In this report, the results of membership inference attacks using the shadow model attack method proposed by Shokri etal to measure practical privacy leakage, quantified by adversarial advantage, of neural network models trained both with and without differential privacy on 4 different datasets: Purchase-10, Purchase-100, CIFAR-10 and CIFAR-100. In the first part, the attacks were validated using the same or similar approaches as Shokri etal and Jayaraman etal, where the results were shown to be consistent with these two studies. Specifically for Purchase-100 and CIFAR-100 with 10 k training instances, it was shown that it is not possible to protect the privacy of the 2 datasets using differential privacy consistent with the findings of Jayaraman etal. However, this was attributed to the low number of training instances and as evidenced by the second part. In the second part, it was shown using Purchase-10 and CIFAR-10 that differential privacy can not only reduce the adversarial advantage to near complete privacy but retain greater than 80 % of the accuracy compared to the model trained without any privacy protection. The former suggests that a dataset with an average of 100 instances per target class is insufficient to guarantee privacy, while in the second part 1000 instances suffices. Further investigation is required to determine a lower limit for the number of instances per class given different dataset properties, model generalizability and performance.
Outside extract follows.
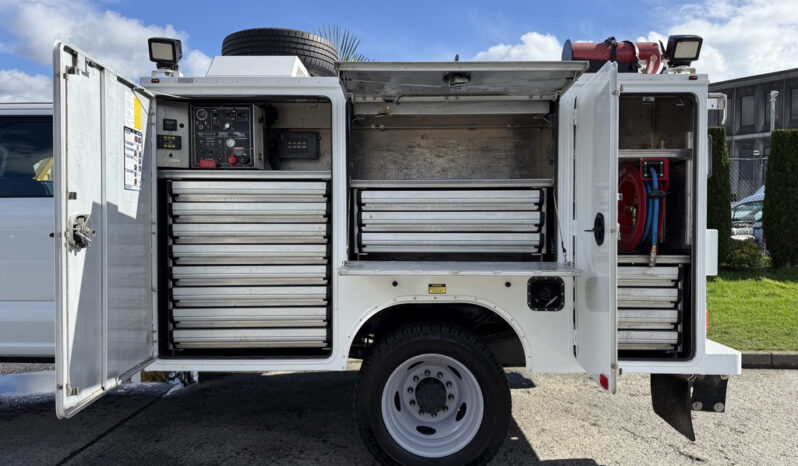 
								2024 Ford F-550 full									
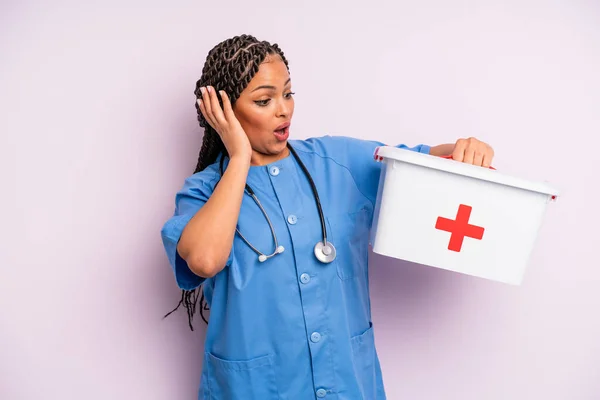 Černá Afro Žena Pocit Štěstí Vzrušení Překvapení Koncepce Lékárničky Lékárničky — Stock fotografie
Notwithstanding the good results obtained under controlled conditions, it was shown for CIFAR-10 trained using differential privacy on the entire dataset and shadow data generated using Shokri etal’s model query synthetic data generation technique that it was not possible to leak any private information. This result is only relevant for the case where the adversary does not have access to a shadow dataset, which itself is not necessarily as realistic situation as to use the model means one has access to data. This experiment would be improved by generating shadow data from images sourced elsewhere.
Finally, in a real world setting and in general, if a learner wishes to train a model with high predictive power for new unseen data that model must have sufficient training data, generalize well and not be overfitted. This is true for any model, regardless of whether privacy preserving techniques are used. The above model properties are not well represent in literature related to membership inference attacks or privacy leakage when differential privacy is applied [shokri, jayaraman, ++]. In this context, the results of this report have shown, high performance models trained with differential privacy can retain both high utility and privacy.